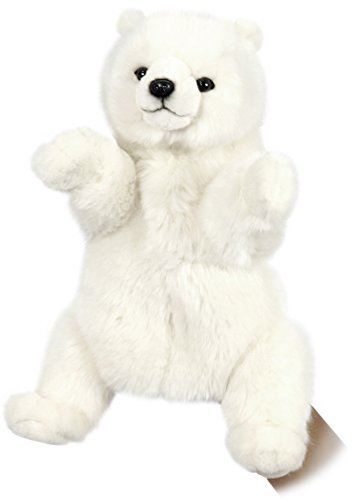 HANSA nT ʂ nhpybg 7158 zbLNO} 31 POLAR l` VN}  낭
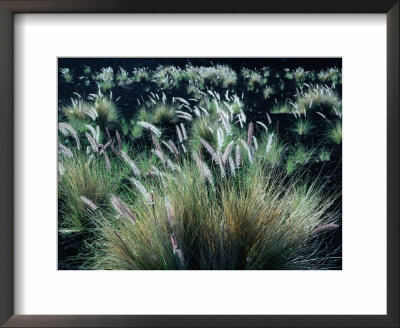 Pili Grass Growing On Lava Flow In The Kona Region, Kailua-Kona, Usa by Nicholas Pavloff Pricing Limited Edition Print image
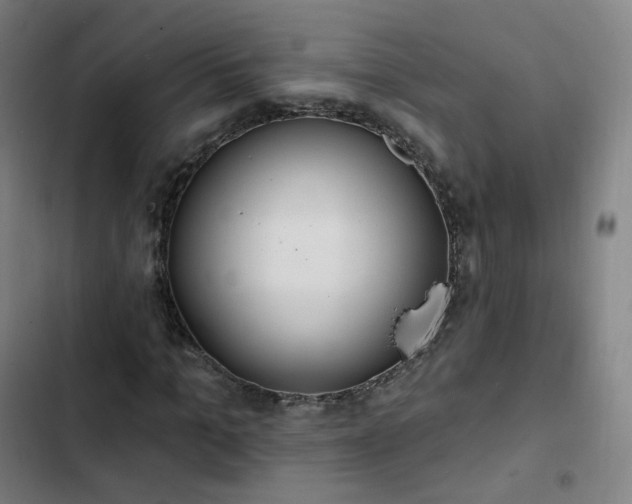 X0000103280965200809051527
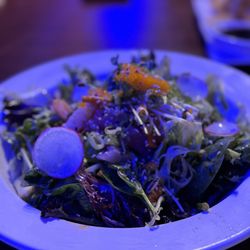 Top Sushi - Sashimi Salad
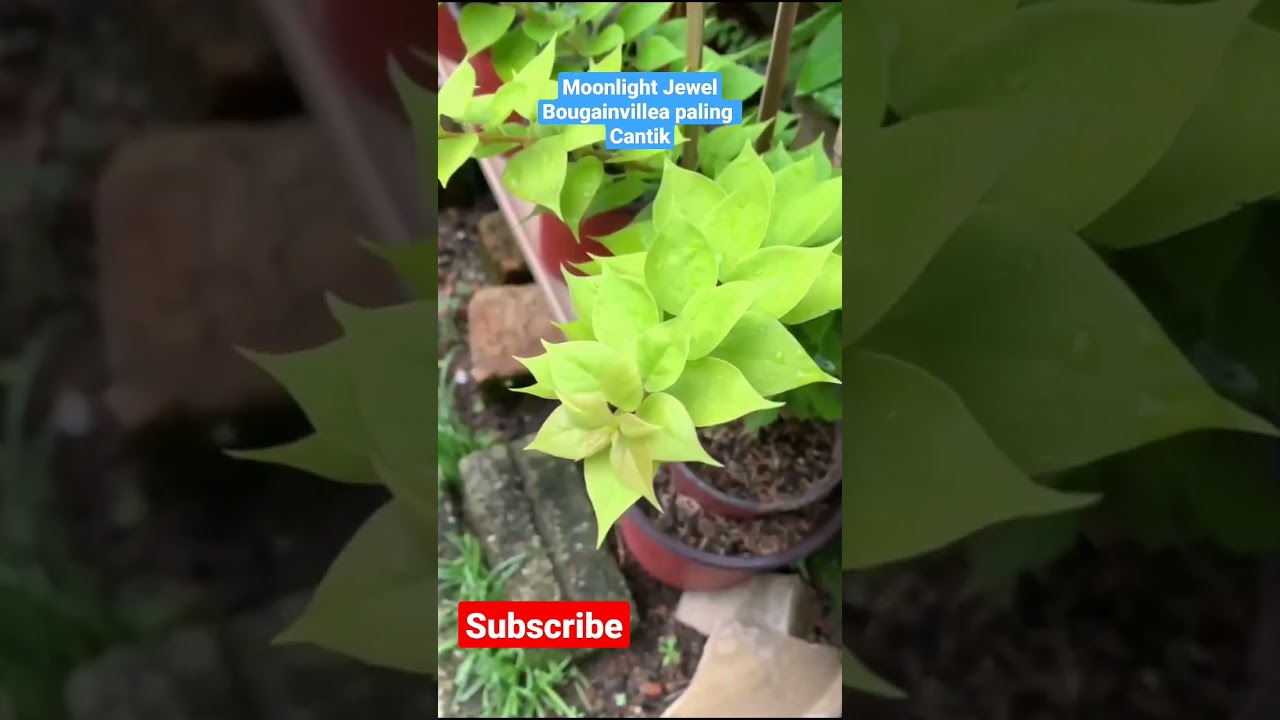 Moonlight Jewel. Bunga Kertas Sirih Junjung Paling Cantik Harga Bangsawan.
━━━
* WHAT IS REQUIRED: Every line from the one containing "Pili Grass Growing" through the last line of the data, both included, is to be repeated exactly; the pictures are to be left out.

* TASK RESULT:
 Pili Grass Growing On Lava Flow In The Kona Region, Kailua-Kona, Usa by Nicholas Pavloff Pricing Limited Edition Print image
 X0000103280965200809051527
 Top Sushi - Sashimi Salad
 Moonlight Jewel. Bunga Kertas Sirih Junjung Paling Cantik Harga Bangsawan.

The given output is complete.